Having the government stop farmfare isn't exactly stacking the deck against us, it is returning to it's proper neutral role. I for one would be happy to have lower feed costs resulting from using feed for food, not fuel.

sam    
iowa  |  April, 11, 2013 at 07:25 PM

you most not know what co-products or DDG's are.

Lee    
Dublin  |  April, 11, 2013 at 08:45 PM

Yo Samboy, if the by-products were worth much then the price of grain would not have sky rocketed!

Kirk    
Lowell, NE  |  April, 11, 2013 at 08:57 PM

Lee, if you had your head out of your ass you would realize that WDG are actually worth more than the corn itself on a pound for pound basis. Hence, the reason that they are costing us cattle feeders 100% the price of corn adjusted back to a dry matter basis. Cattle feeders in the corn belt have never had it so good.
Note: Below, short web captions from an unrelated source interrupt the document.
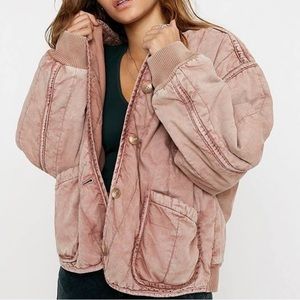 Free People Mixed Signals quilted liner jacket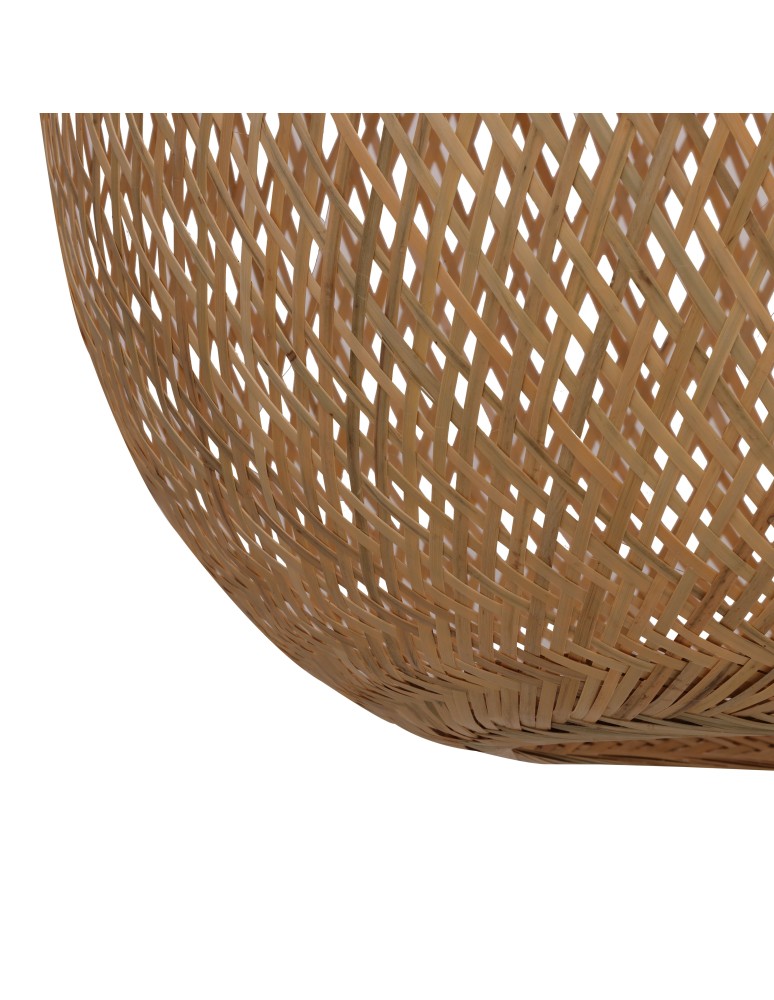 Boho pendant lamps - Dijk Bamboo Pendant Lamp in Boho Style 38x38x35cm Natural Color 55857-017. - product kolory-swiatla.pl 5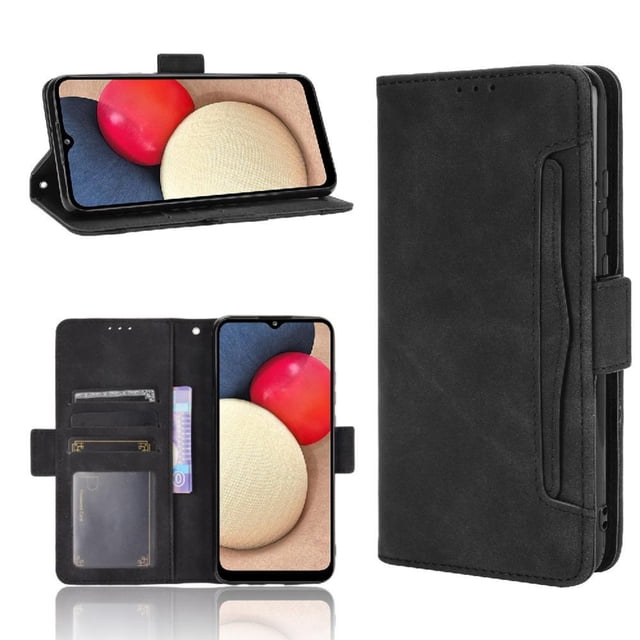 Funda Cartera Magnética para Samsung Galaxy A03S- Tarjetero Desmontable, Cuero PU, Soporte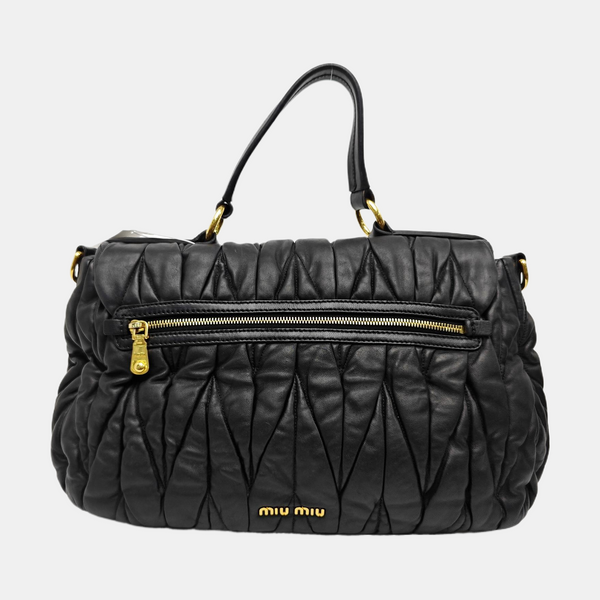 Quilted Lambskin Tote Bag Black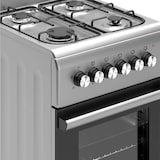 thumbnail of Wiggo WO-E503A(XX) Vrijstaande Gasfornuis - 50 cm - Roestvrijstaal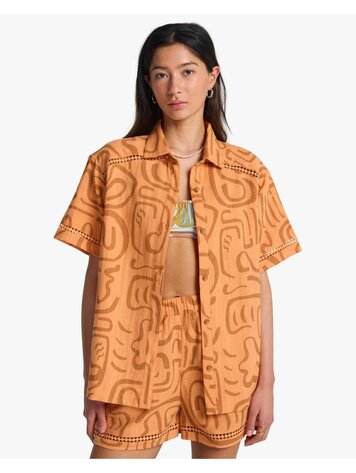 Billabong Summers End Shirt Tangerine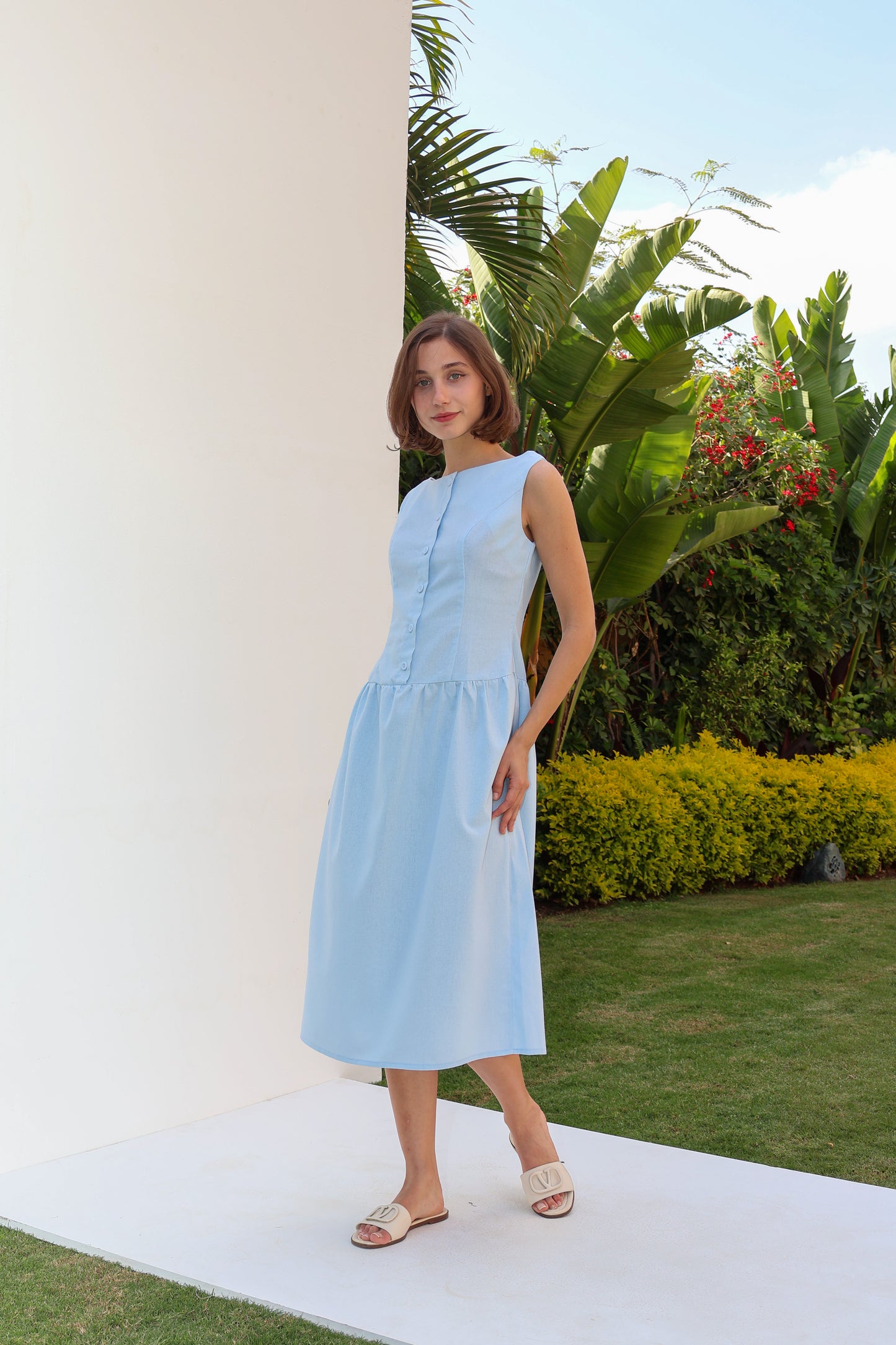 Sunset Linen Dress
The benefits of the ethanol industry far outweigh the drawbacks. Those that cuss and deride the ethanol industry are only to lay the blame of their inadequacies on others......Hm, that sounds like a Democrat's behavior!!!

GFWSR    
USA  |  April, 12, 2013 at 06:15 AM

Unfortunately, the article completely fails to incorporate info on the damage ethanol causes to engine components, which no doubt results in tens of millions of dollars in cost a year to business' and the public.

Bill Stanley    
Texas  |  April, 12, 2013 at 07:55 AM

In April 2012, the nationwide average price of gasoline (10% ethanol) was $3.89. E-85 (85% ethanol) was $4.90 when adjusted for the lower energy produced compared to gasoline. Liberals bash oil companies when the price of gasoline increases, but say nothing about even higher ethanol prices. newsandopinions dot net

Brian    
VA  |  April, 12, 2013 at 08:00 AM

Kirk, Lee was actually correct. What you are not accounting for is that it takes more than a pound of corn to make a pound of DDG. We produce more grain than ever before and have fewer cattle by a wide margin. Even so, feed prices have gone sky high because so much less of the grain ends up being used for feed.

Dave    
VA  |  April, 12, 2013 at 08:06 AM

Agreed. Next time the Feds try to foist another idiotic mandate on growers it should be fought tooth and nail. Nothing the government touches can succeed or be sustained in the end. I feel for those who adjusted, but it is simply unsustainable and nothing more than subsidized waste.

DirtDr    
South Dakota  |  April, 16, 2013 at 09:20 AM

Where was the Grocery Manufacturers Association a few years ago when Kraft and Kellog's almost doubled the price of cheese and cereal because of high commodity prices and NEVER reduced their price back down when milk and wheat prices fell! Were they in front of legislators then? Who is keeping the profits from then till now?